Arabic for Beginners
Page 18
“No,” I said. “No. I can’t open a business.”
He looked at me in profound disappointment and disgust.
“I can see that you have no head for business or you would not miss this wonderful opportunity,” he said. “But at least you will buy something or else you have wasted my time.”
“Your time!” I angrily started, but he had moved away. A long glass case held necklaces, and he opened the case and took them out, watching me watch the
jewelry—“Ah—this one I see you do not like—but this one you like, this one is my own design.” The necklace he chose was made of Roman glass, and the silver chain—if it was silver—was oxidized, so it didn’t have the arrogant gleam of the others. The piece of glass itself, small and modest, had the glint of mosaic but was also less glittery and elaborate.
“I have to go,” I said, “my son is sick, I have to go home.” I suddenly felt trapped, as if I might never make it back to Sam and Gabe.
He looked at me again and said, “I see all your thoughts are with your son, and look, now you are crying.”
And it was true. My eyes had started tearing as I spoke, as if saying it out loud—my son is sick—had brought back the anxiety of the last few days. He’d been running a fever, was strangely listless; it was just a virus but he had been sleeping badly, and I had been waking up with him. I was weary and felt unsettled.
The clerk put the necklace down and his fat moist hands reached for my forehead. With two thumbs he stroked my eyebrows, from the centre to the hollows on the side of my head. He then rested his thumbs in the hollows and rotated them. I didn’t know what to do.
“I know how to do this because my sister is a therapist,” he announced. “Your husband should do this for you when you are home.” He stood back and rolled up his sleeve. “The truth is,” he said, “I am also very sick. I was just in the hospital, for my kidney—they gave me two injections—look, here.” In the crook of his elbow were two bruised holes, like the twin fangs of a serpent bite.

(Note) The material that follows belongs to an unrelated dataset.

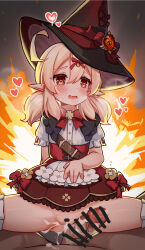 1boy 1girl absurdres after_vaginal aftersex bar_censor blonde_hair blush bow bowtie censored commentary_request cowgirl_position cum cum_in_pussy cumdrip dress dress_bow drooling flat_chest genshin_impact hair_between_eyes hair_ribbon hat heart heart_in_eye hetero highres klee_(blossoming_starlight)_(genshin_impact) klee_(genshin_impact) loli luxuriou_s medium_hair mixed-language_commentary no_panties official_alternate_costume open_mouth paid_reward_available penis pov pov_crotch pussy pussy_juice red_bow red_bowtie red_eyes red_ribbon ribbon short_dress short_sleeves solo_focus spread_legs straddling symbol_in_eye twintails variant_set veins veiny_penis witch_hat rating:Explicit score:135 user:danbooru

“And even, it is hurting me now,” he said, reaching his hands behind his thick waist.
“You should go home and rest,” I said.
“I will. I am. I was going home. But you see, I cannot go home with no money.”
He opened his wallet and showed me, but shut it again quickly, because there was money in there, more than I carried on me.
“Do you know how many sales I made today?” he said to me. “One. Only one! So tell me if you want to buy this necklace and make your mother happy. I will give you a very good deal, since you are not buying it for yourself—a lady never buys jewelry for herself.”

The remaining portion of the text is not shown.